Second, FICO: what is it good for? If you are not planning on buying a home or a car in the immediate future, your credit-score is simply an amorphous number floating around your general financial stratosphere that has no meaning or impact on your life until and unless you actually need to borrow some money. People tend to cling to the idea of a “good” credit-score far beyond the point of common-sense at times. What good is a 750+ FICO score if your wages are garnished, your car repossessed, and your family dispossessed of its home? Not much. The credit-score should be considered tightly in context. It is NOT a measurement of your personal or moral worth!
Third, your FICO score may not have been that great prior to the bankruptcy anyway. It’s the hard truth that many potential clients of The Hilla Law Firm need to come to grips with before considering a bankruptcy. If you have been sued, if you have missed mortgage payments, if you have been foreclosed upon, if you have been through a short-sale, your credit-score has already suffered.
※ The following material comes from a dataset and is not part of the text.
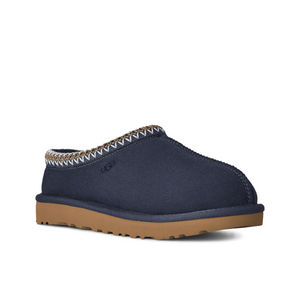 Women's UGG® Tasman Slipper II Dark Indigo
The more important consideration if this is the case (and it is not the case for everybody, to be sure) is moving forward to a point where the monthly financial bleeding has stopped so that you can truly begin rebuilding your credit after bankruptcy.
Since you won’t be able to file for bankruptcy again for a number of years, you’ll need to be extremely careful accepting new sources of credit so that you don’t fall into the same personal crunch that led you to file bankruptcy in the first place. But, unlike in previous decades, when a bankruptcy discharge really did drop a nuclear bomb in the middle of your financial existence for many years, it is now possible to genuinely view a bankruptcy as a fresh start, if you handle it properly and don’t fall back into old habits.